Artur Zmijewski
80064 Video, transferred to DVD, 11 min., colour, Polish with English subtitles, 2004
To
the Holocaust survivor, Jósef Tarnawa, the number 80064 is not just any
number. In 1943, this number was tattooed on the forearm of the
92-year-old man in the film, a former prisoner in the concentration
camp of Auschwitz – the number has become a part of his body.
In the video 80064, the old man tells the artist Artur Żmijewski in a
tattoo studio about the dreadful time in Auschwitz. As if to prove what
he is saying, he shows a photograph of himself as a young man in
prisoners’ clothing with the concentration camp number on his skin. In
the meantime the number has faded a little. When the artist asks if he
tried to resist, Jósef Tarnawa replies that the only way to survive was
to submit and adapt to the circumstances, and avoid any kind of revolt.

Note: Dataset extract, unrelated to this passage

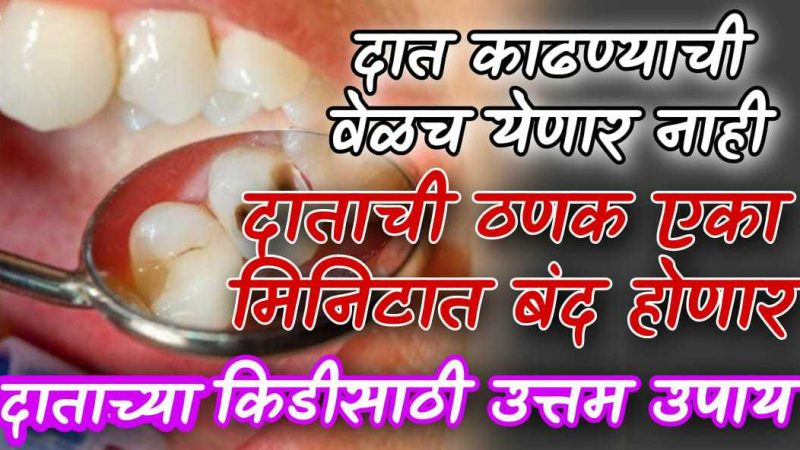 दुखणाऱ्या दातांवर हे फक्त ५ मिनिटे ठेवा; खात्री देतो दात काढण्याची वेळच येणार नाही.!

Mercilessly, the artist persuades the old man to have the number on his
arm renewed with black ink. Although the old man fears that the
authenticity of the number will be destroyed, he agrees and stoically
bears the renewal of that terrible, historic sign, which stigmatises
and makes him a victim all over again.
Żmijewski manipulates
and stages this video as actor and director. He makes the audience his
accomplice by again ascribing the role of Holocaust survivor to the man
Jósef Tarnawa: history repeating itself is a disturbing experience for
the ostensibly uninvolved observer.
Human bodies often play a
role in Żmijewski’s artistic work as carriers of signs of power and
standardization, like in his probably most famous work, Repetitions
(2005), where he recreated the legendary Stanford Prison Experiment of
1971 for the 51st Biennale in Venice. Lots were drawn to assign roles
as either warden or prisoner to the participants, who played their
parts as perpetrator or victim to the point of self-abnegation.